Saturday 5 March 2016

WGT's Kettle & Moon riffs starchy British airs

From the footlights : Western Gold Theatre's script-in-hand studio productions -- rehearsed by the cast but 3 1/2 days -- are like radio plays. Except viewers not only hear the script come alive but watch a fully blocked performance avec sets and costumes. A year back WGT put on J. B. Priestly's 1933 Laburnum Grove. This year's communion with Priestly is his seldom performed 1955 script The Scandalous Affair of Mr. Kettle and Mrs. Moon. The piece is obscure enough it doesn't even make Wikipedia's list of 14 selected Priestly plays. And finding a review of it is a search engine that couldn't. Funny, that, because line-for-line Kettle & Moon is double the script that LG is i.m.o. And WGT's turnout is sharp, roguish and quick, utterly fun. 

What the show brings to the stage : Starchy pip-pip! British men all caught up in their self-importance has been the stuff of parody for years. Mary Poppins is a fine example of the genre. But K&M preceded that show by a decade. Priestly even beat two rising playwrights to the punch, Edward Albee and Harold Pinter, with his well-made comedy exploring a man's mid-life crisis and existential moment-of-truth.

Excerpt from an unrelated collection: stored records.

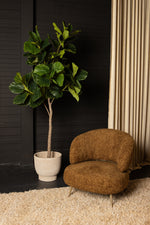 Tree Green Ficus Tree In Pot M 109x115x15,5cm PTMD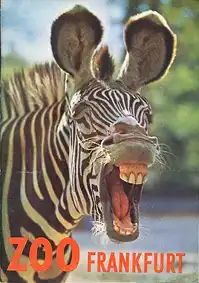 Wegweiser (Zebra). 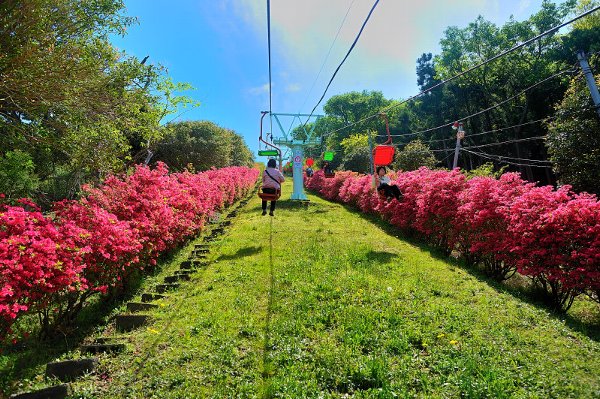 静岡 花畑 小室山公園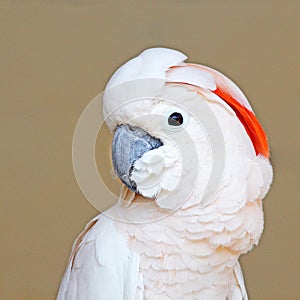 Portrait of a Moluccan Cockatoo on uniform background photo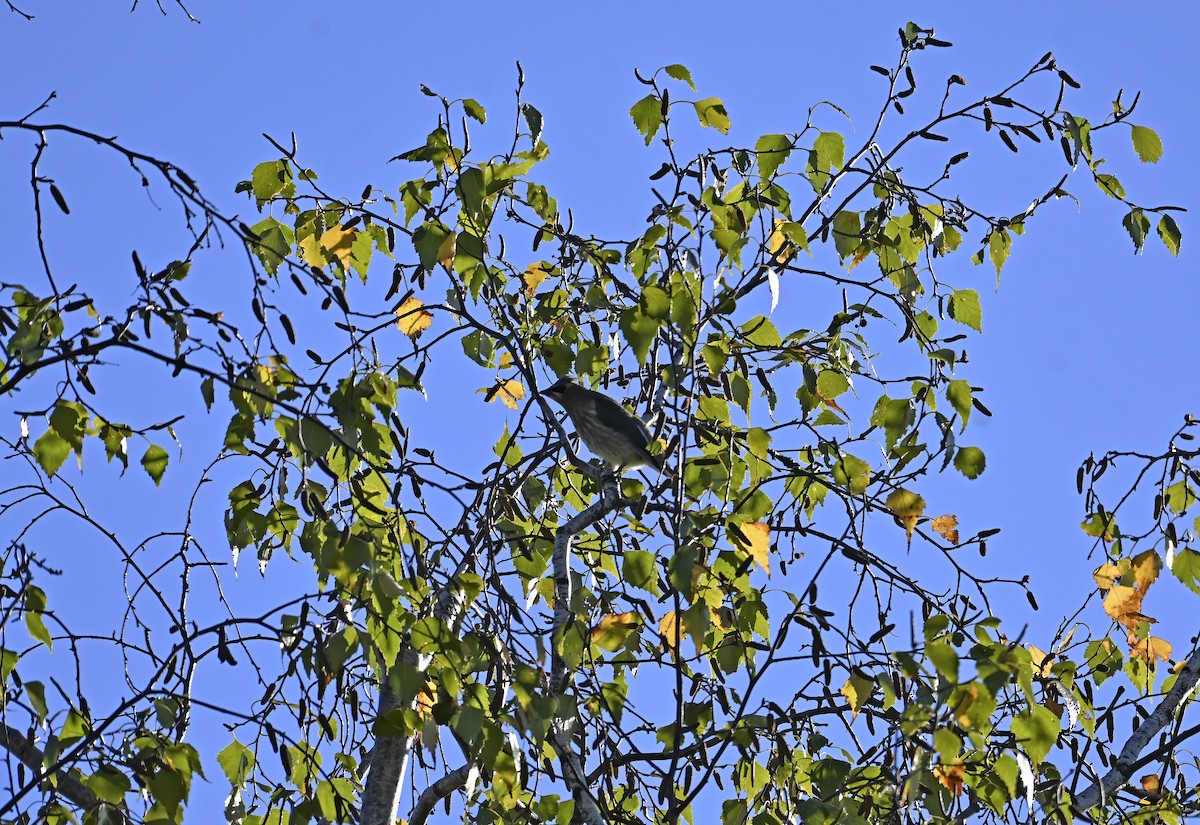 Cedar Waxwing - ML642191010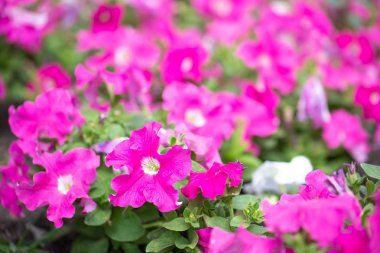 Çim parlak güneşli bir günde Petunia çiçekleri. Yaz havası. Bahçe veya park dekorasyonu. 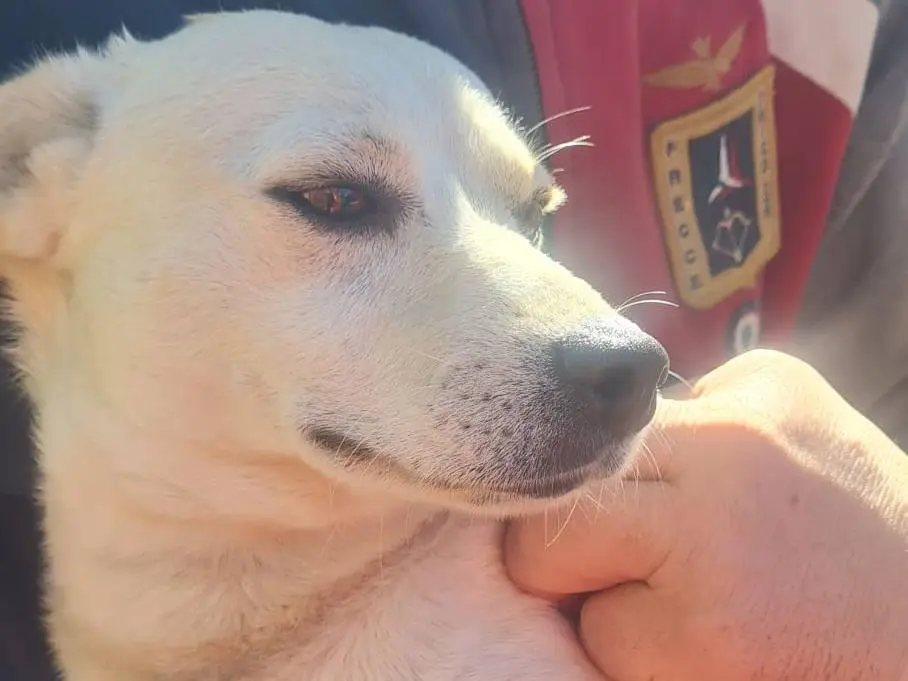 Adotta un cane, maschio, 1 anno, Vibo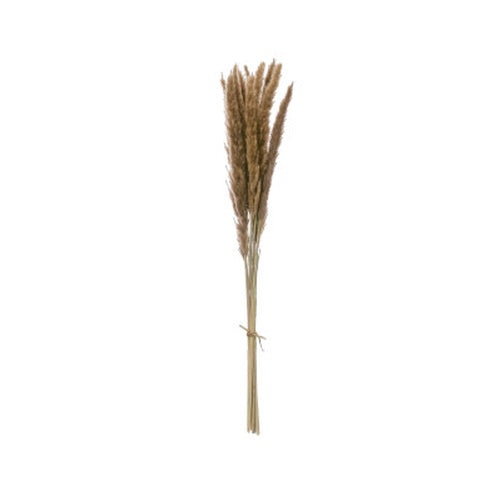 Dried Natural Fountain Grass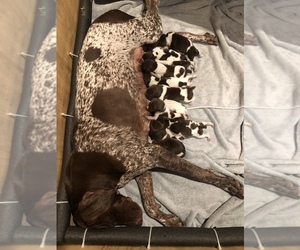 German Shorthaired Pointer Litter for sale in TEMPLETON, CA, USA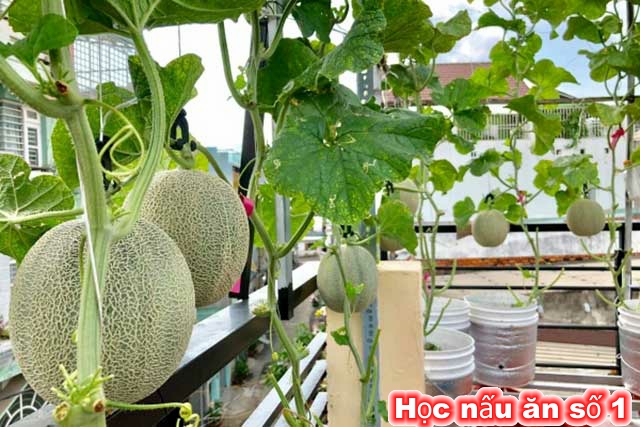 Cách trồng dưa lưới trên sân thượng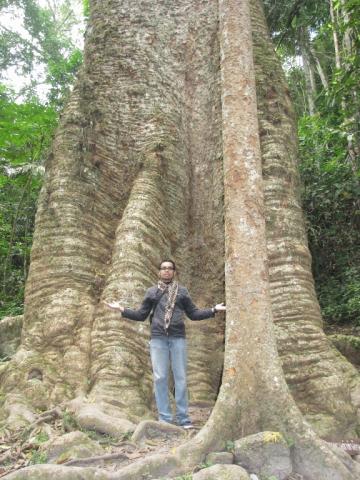 Name:  IMG_7008.jpg
Views: 740
Size:  45.1 KB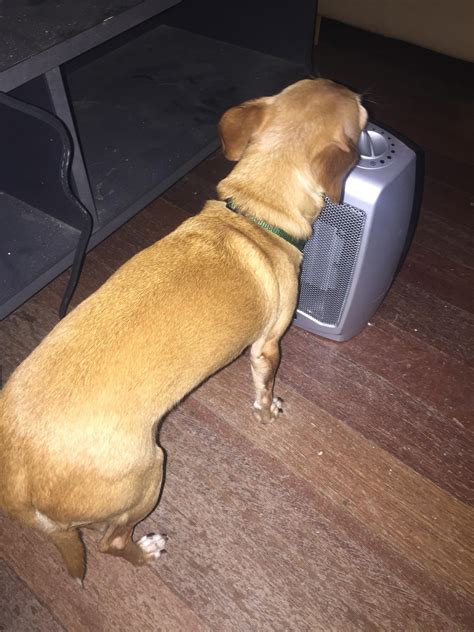 The Dog Won’t Let Anyone Else Be Warm : r/pics
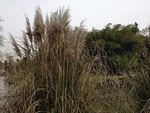 芦苇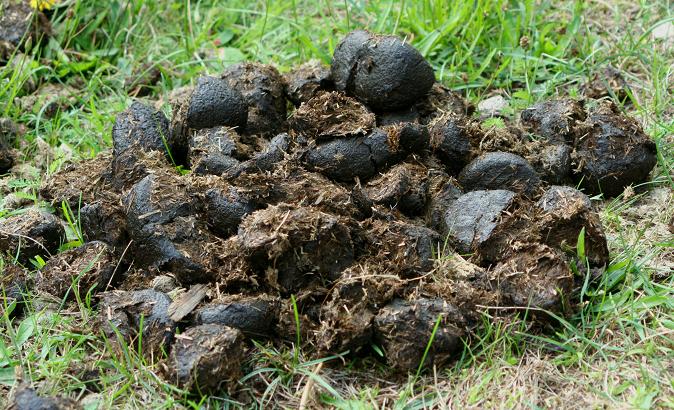 pile-of-dung1.jpg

This is 1955. The epoch of I Love Lucy. The Honeymooners. My Little Margie. But across the pond Priestly scripts a story of a bachelor bank manager who flips out one rainy November Monday morning, plays hookey from work and promptly tells his maid "I haven't stopped exploring myself!" and "I'm only about an hour old." He swats the status quo right on its beezer : "Who's happy about anything, who's enjoying it all? Everyone's half-daft with fuss, worry and vexation. I heard a voice, it said 'Why, George?' The voice said 'What's is all for...?'"

WGT Artistic Director Anna Hagan directed the Priestly piece, as she did last year, and excelled in her choices of actors to tell this by-now-familiar tale, some 60 years along, of angst and alienation and risking it all for George to find out for himself who the real "me" in "me" might be.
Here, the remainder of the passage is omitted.